Answer :
Final answer:
To find the mass of lead in 139 g of Pb(NO3)2, we calculate the molar mass of Pb(NO3)2, find the number of moles of Pb(NO3)2, and then use the molar mass of lead to find its mass in the compound, resulting in approximately 87.02 g of lead.
Explanation:
The question asks to calculate the mass of lead in 139 g of Pb(NO3)2. First, we need to calculate the molar mass of Pb(NO3)2. The molar mass of lead (Pb) is 207.2 g/mol, and for nitrate (NO3) - since nitrogen (N) has a molar mass of 14.0 g/mol and oxygen (O) has 16 g/mol - a single nitrate ion would have a molar mass of 62 g/mol (1×14.0 + 3×16.0). As there are two nitrate ions per molecule of lead nitrate, the total molar mass of NO3 in Pb(NO3)2 is 124 g/mol. Thus, the total molar mass of Pb(NO3)2 is 207.2 g/mol (for Pb) + 124 g/mol (for 2×NO3), totaling 331.2 g/mol.

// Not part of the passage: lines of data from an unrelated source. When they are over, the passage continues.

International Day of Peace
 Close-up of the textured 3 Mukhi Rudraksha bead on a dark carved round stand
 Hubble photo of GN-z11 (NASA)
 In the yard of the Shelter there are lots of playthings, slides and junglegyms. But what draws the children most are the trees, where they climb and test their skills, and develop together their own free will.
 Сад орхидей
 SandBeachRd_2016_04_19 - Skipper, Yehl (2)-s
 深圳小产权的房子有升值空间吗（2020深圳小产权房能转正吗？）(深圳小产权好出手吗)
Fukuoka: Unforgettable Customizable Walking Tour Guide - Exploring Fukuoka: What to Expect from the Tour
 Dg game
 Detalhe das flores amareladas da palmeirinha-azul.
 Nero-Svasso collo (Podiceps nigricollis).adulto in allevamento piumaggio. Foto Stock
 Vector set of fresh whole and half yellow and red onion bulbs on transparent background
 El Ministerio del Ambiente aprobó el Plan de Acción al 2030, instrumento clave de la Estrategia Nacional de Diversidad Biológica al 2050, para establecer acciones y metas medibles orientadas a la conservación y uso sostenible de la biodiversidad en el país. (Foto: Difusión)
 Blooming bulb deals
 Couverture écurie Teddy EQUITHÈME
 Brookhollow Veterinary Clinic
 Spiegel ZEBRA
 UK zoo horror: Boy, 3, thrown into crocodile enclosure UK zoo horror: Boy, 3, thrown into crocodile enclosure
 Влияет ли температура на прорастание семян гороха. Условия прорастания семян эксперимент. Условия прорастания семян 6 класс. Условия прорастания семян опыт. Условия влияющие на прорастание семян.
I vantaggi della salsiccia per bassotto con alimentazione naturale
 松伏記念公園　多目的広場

To find the mass of lead in the given 139 g of Pb(NO3)2, we follow these steps:
Calculate the number of moles of Pb(NO3)2 in 139 g:
number of moles = mass (g) / molar mass (g/mol)
= 139 g / 331.2 g/mol
≈ 0.42 moles.
Since the ratio of lead to Pb(NO3)2 in terms of moles is 1:1, there are also approximately 0.42 moles of lead in 139 g of Pb(NO3)2.
Calculate the mass of lead: mass = number of moles × molar mass of lead
= 0.42 moles × 207.2 g/mol
= 87.02 g.
Therefore, the mass of lead in 139 g of Pb(NO3)2 is approximately 87.02 g.